# What to work on
The expected output is the data itself, duplicated in full.

***** Data records *****

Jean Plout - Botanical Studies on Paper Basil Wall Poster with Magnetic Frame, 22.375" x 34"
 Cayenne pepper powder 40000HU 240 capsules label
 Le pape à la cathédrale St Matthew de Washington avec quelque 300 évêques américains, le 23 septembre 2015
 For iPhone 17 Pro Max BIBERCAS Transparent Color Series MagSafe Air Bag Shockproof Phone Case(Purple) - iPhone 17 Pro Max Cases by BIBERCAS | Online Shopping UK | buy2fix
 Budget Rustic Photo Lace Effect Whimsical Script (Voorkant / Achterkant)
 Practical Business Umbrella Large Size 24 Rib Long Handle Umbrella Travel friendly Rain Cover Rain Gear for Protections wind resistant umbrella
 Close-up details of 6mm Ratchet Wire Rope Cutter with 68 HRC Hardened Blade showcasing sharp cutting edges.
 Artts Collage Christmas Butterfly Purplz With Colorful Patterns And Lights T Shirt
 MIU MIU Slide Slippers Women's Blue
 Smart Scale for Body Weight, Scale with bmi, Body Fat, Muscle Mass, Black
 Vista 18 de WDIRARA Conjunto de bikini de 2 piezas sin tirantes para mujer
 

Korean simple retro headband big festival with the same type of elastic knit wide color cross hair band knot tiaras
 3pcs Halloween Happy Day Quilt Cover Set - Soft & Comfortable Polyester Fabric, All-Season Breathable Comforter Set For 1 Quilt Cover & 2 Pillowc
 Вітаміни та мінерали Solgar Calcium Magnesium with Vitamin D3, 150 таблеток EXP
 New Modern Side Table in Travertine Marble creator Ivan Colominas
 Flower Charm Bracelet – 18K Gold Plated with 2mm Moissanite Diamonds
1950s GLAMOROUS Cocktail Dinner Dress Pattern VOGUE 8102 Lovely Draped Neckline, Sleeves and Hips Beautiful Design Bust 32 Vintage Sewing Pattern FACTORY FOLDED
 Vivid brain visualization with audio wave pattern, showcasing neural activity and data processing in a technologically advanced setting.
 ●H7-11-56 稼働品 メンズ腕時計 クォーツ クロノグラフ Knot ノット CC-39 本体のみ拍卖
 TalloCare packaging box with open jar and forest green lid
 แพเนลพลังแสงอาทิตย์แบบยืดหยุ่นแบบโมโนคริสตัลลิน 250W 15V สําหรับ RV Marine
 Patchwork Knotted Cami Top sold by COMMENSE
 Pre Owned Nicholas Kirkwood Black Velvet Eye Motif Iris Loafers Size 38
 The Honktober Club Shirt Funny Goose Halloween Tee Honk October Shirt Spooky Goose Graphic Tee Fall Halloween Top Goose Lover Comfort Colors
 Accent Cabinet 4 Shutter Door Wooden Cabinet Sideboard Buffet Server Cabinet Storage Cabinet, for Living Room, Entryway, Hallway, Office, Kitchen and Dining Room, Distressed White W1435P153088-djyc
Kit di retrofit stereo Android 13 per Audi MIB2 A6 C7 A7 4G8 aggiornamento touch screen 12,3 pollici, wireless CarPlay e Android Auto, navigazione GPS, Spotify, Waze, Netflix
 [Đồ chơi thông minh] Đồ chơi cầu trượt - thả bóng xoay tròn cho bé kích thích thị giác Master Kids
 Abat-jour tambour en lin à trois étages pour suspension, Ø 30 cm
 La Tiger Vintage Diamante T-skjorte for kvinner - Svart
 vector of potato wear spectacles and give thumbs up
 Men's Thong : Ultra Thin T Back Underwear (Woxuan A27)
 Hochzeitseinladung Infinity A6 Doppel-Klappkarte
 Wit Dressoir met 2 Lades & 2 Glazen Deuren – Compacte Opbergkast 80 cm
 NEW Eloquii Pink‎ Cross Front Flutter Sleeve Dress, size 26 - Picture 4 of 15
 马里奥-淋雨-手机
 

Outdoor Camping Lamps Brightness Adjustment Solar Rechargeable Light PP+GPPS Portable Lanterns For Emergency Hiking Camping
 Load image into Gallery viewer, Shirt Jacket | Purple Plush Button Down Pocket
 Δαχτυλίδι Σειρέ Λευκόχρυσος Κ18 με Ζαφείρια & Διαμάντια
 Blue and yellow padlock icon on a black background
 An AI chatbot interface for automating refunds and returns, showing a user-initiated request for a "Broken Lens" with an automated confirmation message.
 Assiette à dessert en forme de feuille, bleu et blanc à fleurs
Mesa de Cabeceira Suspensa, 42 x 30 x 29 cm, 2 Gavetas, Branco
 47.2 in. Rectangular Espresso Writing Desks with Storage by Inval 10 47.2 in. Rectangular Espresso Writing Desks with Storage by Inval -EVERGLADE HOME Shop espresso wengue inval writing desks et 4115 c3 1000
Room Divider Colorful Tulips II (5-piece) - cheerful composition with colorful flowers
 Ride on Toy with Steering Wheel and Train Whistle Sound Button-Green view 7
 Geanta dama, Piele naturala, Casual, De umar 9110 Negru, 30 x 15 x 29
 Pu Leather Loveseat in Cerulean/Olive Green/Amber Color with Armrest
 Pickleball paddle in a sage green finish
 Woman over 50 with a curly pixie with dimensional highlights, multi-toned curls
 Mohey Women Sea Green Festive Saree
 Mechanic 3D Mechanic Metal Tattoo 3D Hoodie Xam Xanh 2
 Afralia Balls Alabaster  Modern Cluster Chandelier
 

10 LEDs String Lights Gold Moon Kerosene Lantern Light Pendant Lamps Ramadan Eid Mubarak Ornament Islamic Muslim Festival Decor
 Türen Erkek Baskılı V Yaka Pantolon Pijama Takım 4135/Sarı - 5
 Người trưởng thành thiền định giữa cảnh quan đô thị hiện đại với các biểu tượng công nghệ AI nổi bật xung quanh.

*****

# Written response
Jean Plout - Botanical Studies on Paper Basil Wall Poster with Magnetic Frame, 22.375" x 34"
 Cayenne pepper powder 40000HU 240 capsules label
 Le pape à la cathédrale St Matthew de Washington avec quelque 300 évêques américains, le 23 septembre 2015
 For iPhone 17 Pro Max BIBERCAS Transparent Color Series MagSafe Air Bag Shockproof Phone Case(Purple) - iPhone 17 Pro Max Cases by BIBERCAS | Online Shopping UK | buy2fix
 Budget Rustic Photo Lace Effect Whimsical Script (Voorkant / Achterkant)
 Practical Business Umbrella Large Size 24 Rib Long Handle Umbrella Travel friendly Rain Cover Rain Gear for Protections wind resistant umbrella
 Close-up details of 6mm Ratchet Wire Rope Cutter with 68 HRC Hardened Blade showcasing sharp cutting edges.
 Artts Collage Christmas Butterfly Purplz With Colorful Patterns And Lights T Shirt
 MIU MIU Slide Slippers Women's Blue
 Smart Scale for Body Weight, Scale with bmi, Body Fat, Muscle Mass, Black
 Vista 18 de WDIRARA Conjunto de bikini de 2 piezas sin tirantes para mujer
 

Korean simple retro headband big festival with the same type of elastic knit wide color cross hair band knot tiaras
 3pcs Halloween Happy Day Quilt Cover Set - Soft & Comfortable Polyester Fabric, All-Season Breathable Comforter Set For 1 Quilt Cover & 2 Pillowc
 Вітаміни та мінерали Solgar Calcium Magnesium with Vitamin D3, 150 таблеток EXP
 New Modern Side Table in Travertine Marble creator Ivan Colominas
 Flower Charm Bracelet – 18K Gold Plated with 2mm Moissanite Diamonds
1950s GLAMOROUS Cocktail Dinner Dress Pattern VOGUE 8102 Lovely Draped Neckline, Sleeves and Hips Beautiful Design Bust 32 Vintage Sewing Pattern FACTORY FOLDED
 Vivid brain visualization with audio wave pattern, showcasing neural activity and data processing in a technologically advanced setting.
 ●H7-11-56 稼働品 メンズ腕時計 クォーツ クロノグラフ Knot ノット CC-39 本体のみ拍卖
 TalloCare packaging box with open jar and forest green lid
 แพเนลพลังแสงอาทิตย์แบบยืดหยุ่นแบบโมโนคริสตัลลิน 250W 15V สําหรับ RV Marine
 Patchwork Knotted Cami Top sold by COMMENSE
 Pre Owned Nicholas Kirkwood Black Velvet Eye Motif Iris Loafers Size 38
 The Honktober Club Shirt Funny Goose Halloween Tee Honk October Shirt Spooky Goose Graphic Tee Fall Halloween Top Goose Lover Comfort Colors
 Accent Cabinet 4 Shutter Door Wooden Cabinet Sideboard Buffet Server Cabinet Storage Cabinet, for Living Room, Entryway, Hallway, Office, Kitchen and Dining Room, Distressed White W1435P153088-djyc
Kit di retrofit stereo Android 13 per Audi MIB2 A6 C7 A7 4G8 aggiornamento touch screen 12,3 pollici, wireless CarPlay e Android Auto, navigazione GPS, Spotify, Waze, Netflix
 [Đồ chơi thông minh] Đồ chơi cầu trượt - thả bóng xoay tròn cho bé kích thích thị giác Master Kids
 Abat-jour tambour en lin à trois étages pour suspension, Ø 30 cm
 La Tiger Vintage Diamante T-skjorte for kvinner - Svart
 vector of potato wear spectacles and give thumbs up
 Men's Thong : Ultra Thin T Back Underwear (Woxuan A27)
 Hochzeitseinladung Infinity A6 Doppel-Klappkarte
 Wit Dressoir met 2 Lades & 2 Glazen Deuren – Compacte Opbergkast 80 cm
 NEW Eloquii Pink‎ Cross Front Flutter Sleeve Dress, size 26 - Picture 4 of 15
 马里奥-淋雨-手机
 

Outdoor Camping Lamps Brightness Adjustment Solar Rechargeable Light PP+GPPS Portable Lanterns For Emergency Hiking Camping
 Load image into Gallery viewer, Shirt Jacket | Purple Plush Button Down Pocket
 Δαχτυλίδι Σειρέ Λευκόχρυσος Κ18 με Ζαφείρια & Διαμάντια
 Blue and yellow padlock icon on a black background
 An AI chatbot interface for automating refunds and returns, showing a user-initiated request for a "Broken Lens" with an automated confirmation message.
 Assiette à dessert en forme de feuille, bleu et blanc à fleurs
Mesa de Cabeceira Suspensa, 42 x 30 x 29 cm, 2 Gavetas, Branco
 47.2 in. Rectangular Espresso Writing Desks with Storage by Inval 10 47.2 in. Rectangular Espresso Writing Desks with Storage by Inval -EVERGLADE HOME Shop espresso wengue inval writing desks et 4115 c3 1000
Room Divider Colorful Tulips II (5-piece) - cheerful composition with colorful flowers
 Ride on Toy with Steering Wheel and Train Whistle Sound Button-Green view 7
 Geanta dama, Piele naturala, Casual, De umar 9110 Negru, 30 x 15 x 29
 Pu Leather Loveseat in Cerulean/Olive Green/Amber Color with Armrest
 Pickleball paddle in a sage green finish
 Woman over 50 with a curly pixie with dimensional highlights, multi-toned curls
 Mohey Women Sea Green Festive Saree
 Mechanic 3D Mechanic Metal Tattoo 3D Hoodie Xam Xanh 2
 Afralia Balls Alabaster  Modern Cluster Chandelier
 

10 LEDs String Lights Gold Moon Kerosene Lantern Light Pendant Lamps Ramadan Eid Mubarak Ornament Islamic Muslim Festival Decor
 Türen Erkek Baskılı V Yaka Pantolon Pijama Takım 4135/Sarı - 5
 Người trưởng thành thiền định giữa cảnh quan đô thị hiện đại với các biểu tượng công nghệ AI nổi bật xung quanh.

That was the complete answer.